Dataset:
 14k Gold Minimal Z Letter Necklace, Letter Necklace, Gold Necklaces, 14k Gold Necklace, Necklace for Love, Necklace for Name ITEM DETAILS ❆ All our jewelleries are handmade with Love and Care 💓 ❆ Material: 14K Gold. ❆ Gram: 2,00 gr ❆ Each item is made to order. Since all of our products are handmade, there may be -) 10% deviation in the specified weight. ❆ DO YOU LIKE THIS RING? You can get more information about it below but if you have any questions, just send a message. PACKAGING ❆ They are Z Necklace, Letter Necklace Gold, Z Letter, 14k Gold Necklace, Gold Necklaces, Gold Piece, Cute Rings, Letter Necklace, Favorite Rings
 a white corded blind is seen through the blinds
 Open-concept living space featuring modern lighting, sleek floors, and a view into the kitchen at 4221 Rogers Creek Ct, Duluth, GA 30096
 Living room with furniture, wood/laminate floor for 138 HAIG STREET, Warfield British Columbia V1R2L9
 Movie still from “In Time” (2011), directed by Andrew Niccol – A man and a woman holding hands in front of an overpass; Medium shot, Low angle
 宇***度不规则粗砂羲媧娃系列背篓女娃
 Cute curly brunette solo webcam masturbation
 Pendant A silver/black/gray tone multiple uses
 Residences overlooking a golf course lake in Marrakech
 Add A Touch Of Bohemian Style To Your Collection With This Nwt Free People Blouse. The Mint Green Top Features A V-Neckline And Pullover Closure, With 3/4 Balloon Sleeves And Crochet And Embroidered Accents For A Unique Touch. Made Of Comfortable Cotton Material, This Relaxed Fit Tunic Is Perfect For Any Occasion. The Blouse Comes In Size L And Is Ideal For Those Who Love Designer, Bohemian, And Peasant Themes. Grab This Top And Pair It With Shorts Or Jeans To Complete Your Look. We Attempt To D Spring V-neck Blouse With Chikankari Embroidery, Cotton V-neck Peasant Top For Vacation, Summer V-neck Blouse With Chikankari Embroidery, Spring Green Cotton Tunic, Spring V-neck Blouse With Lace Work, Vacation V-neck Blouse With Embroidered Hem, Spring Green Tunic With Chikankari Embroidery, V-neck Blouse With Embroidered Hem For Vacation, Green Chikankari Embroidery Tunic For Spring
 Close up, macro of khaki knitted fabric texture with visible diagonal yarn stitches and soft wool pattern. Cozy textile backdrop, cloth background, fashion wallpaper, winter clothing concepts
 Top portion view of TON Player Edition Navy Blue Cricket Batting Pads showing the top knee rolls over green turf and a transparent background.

What you need to do: Go through the material and copy each line in which the word "view" occurs.

Result of the exercise:
 Open-concept living space featuring modern lighting, sleek floors, and a view into the kitchen at 4221 Rogers Creek Ct, Duluth, GA 30096
 Top portion view of TON Player Edition Navy Blue Cricket Batting Pads showing the top knee rolls over green turf and a transparent background.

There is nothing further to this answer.